Recorded data »
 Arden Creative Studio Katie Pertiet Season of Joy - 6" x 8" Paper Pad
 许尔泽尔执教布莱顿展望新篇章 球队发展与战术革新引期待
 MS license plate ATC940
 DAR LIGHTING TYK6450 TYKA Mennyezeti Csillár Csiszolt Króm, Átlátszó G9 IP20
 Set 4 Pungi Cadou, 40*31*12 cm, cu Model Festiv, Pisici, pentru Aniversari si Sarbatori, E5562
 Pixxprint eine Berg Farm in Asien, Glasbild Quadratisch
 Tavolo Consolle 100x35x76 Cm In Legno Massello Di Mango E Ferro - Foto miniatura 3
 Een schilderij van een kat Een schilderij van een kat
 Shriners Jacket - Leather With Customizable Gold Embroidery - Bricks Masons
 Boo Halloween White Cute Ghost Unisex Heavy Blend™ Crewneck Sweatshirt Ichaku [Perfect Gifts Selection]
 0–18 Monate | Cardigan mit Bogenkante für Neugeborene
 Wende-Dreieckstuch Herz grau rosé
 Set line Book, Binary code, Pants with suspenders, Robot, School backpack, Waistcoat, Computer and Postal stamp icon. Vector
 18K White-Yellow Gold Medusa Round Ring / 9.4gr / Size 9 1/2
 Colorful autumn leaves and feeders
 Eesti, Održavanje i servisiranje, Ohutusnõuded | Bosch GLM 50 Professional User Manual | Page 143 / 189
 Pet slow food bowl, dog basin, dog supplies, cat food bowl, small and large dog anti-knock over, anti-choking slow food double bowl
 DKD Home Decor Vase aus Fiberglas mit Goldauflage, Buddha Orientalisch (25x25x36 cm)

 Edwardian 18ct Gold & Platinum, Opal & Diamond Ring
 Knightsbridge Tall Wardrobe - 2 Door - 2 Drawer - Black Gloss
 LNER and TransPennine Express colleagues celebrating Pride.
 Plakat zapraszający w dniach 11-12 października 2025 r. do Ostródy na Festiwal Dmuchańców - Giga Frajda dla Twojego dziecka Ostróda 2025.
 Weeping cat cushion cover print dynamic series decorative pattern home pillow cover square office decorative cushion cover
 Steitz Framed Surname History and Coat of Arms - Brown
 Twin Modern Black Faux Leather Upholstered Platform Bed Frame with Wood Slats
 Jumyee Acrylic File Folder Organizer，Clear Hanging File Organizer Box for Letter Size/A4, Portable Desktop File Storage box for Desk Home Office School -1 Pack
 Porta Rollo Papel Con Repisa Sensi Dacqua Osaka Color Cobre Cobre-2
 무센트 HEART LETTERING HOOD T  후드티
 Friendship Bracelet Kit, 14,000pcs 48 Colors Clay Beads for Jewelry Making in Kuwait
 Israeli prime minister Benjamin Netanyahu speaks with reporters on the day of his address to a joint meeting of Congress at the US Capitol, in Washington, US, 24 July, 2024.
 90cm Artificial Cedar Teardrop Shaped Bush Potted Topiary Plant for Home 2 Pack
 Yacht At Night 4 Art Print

Directions » The whole listing needs repeating. Match each line exactly.

Written solution »
 Arden Creative Studio Katie Pertiet Season of Joy - 6" x 8" Paper Pad
 许尔泽尔执教布莱顿展望新篇章 球队发展与战术革新引期待
 MS license plate ATC940
 DAR LIGHTING TYK6450 TYKA Mennyezeti Csillár Csiszolt Króm, Átlátszó G9 IP20
 Set 4 Pungi Cadou, 40*31*12 cm, cu Model Festiv, Pisici, pentru Aniversari si Sarbatori, E5562
 Pixxprint eine Berg Farm in Asien, Glasbild Quadratisch
 Tavolo Consolle 100x35x76 Cm In Legno Massello Di Mango E Ferro - Foto miniatura 3
 Een schilderij van een kat Een schilderij van een kat
 Shriners Jacket - Leather With Customizable Gold Embroidery - Bricks Masons
 Boo Halloween White Cute Ghost Unisex Heavy Blend™ Crewneck Sweatshirt Ichaku [Perfect Gifts Selection]
 0–18 Monate | Cardigan mit Bogenkante für Neugeborene
 Wende-Dreieckstuch Herz grau rosé
 Set line Book, Binary code, Pants with suspenders, Robot, School backpack, Waistcoat, Computer and Postal stamp icon. Vector
 18K White-Yellow Gold Medusa Round Ring / 9.4gr / Size 9 1/2
 Colorful autumn leaves and feeders
 Eesti, Održavanje i servisiranje, Ohutusnõuded | Bosch GLM 50 Professional User Manual | Page 143 / 189
 Pet slow food bowl, dog basin, dog supplies, cat food bowl, small and large dog anti-knock over, anti-choking slow food double bowl
 DKD Home Decor Vase aus Fiberglas mit Goldauflage, Buddha Orientalisch (25x25x36 cm)

 Edwardian 18ct Gold & Platinum, Opal & Diamond Ring
 Knightsbridge Tall Wardrobe - 2 Door - 2 Drawer - Black Gloss
 LNER and TransPennine Express colleagues celebrating Pride.
 Plakat zapraszający w dniach 11-12 października 2025 r. do Ostródy na Festiwal Dmuchańców - Giga Frajda dla Twojego dziecka Ostróda 2025.
 Weeping cat cushion cover print dynamic series decorative pattern home pillow cover square office decorative cushion cover
 Steitz Framed Surname History and Coat of Arms - Brown
 Twin Modern Black Faux Leather Upholstered Platform Bed Frame with Wood Slats
 Jumyee Acrylic File Folder Organizer，Clear Hanging File Organizer Box for Letter Size/A4, Portable Desktop File Storage box for Desk Home Office School -1 Pack
 Porta Rollo Papel Con Repisa Sensi Dacqua Osaka Color Cobre Cobre-2
 무센트 HEART LETTERING HOOD T  후드티
 Friendship Bracelet Kit, 14,000pcs 48 Colors Clay Beads for Jewelry Making in Kuwait
 Israeli prime minister Benjamin Netanyahu speaks with reporters on the day of his address to a joint meeting of Congress at the US Capitol, in Washington, US, 24 July, 2024.
 90cm Artificial Cedar Teardrop Shaped Bush Potted Topiary Plant for Home 2 Pack
 Yacht At Night 4 Art Print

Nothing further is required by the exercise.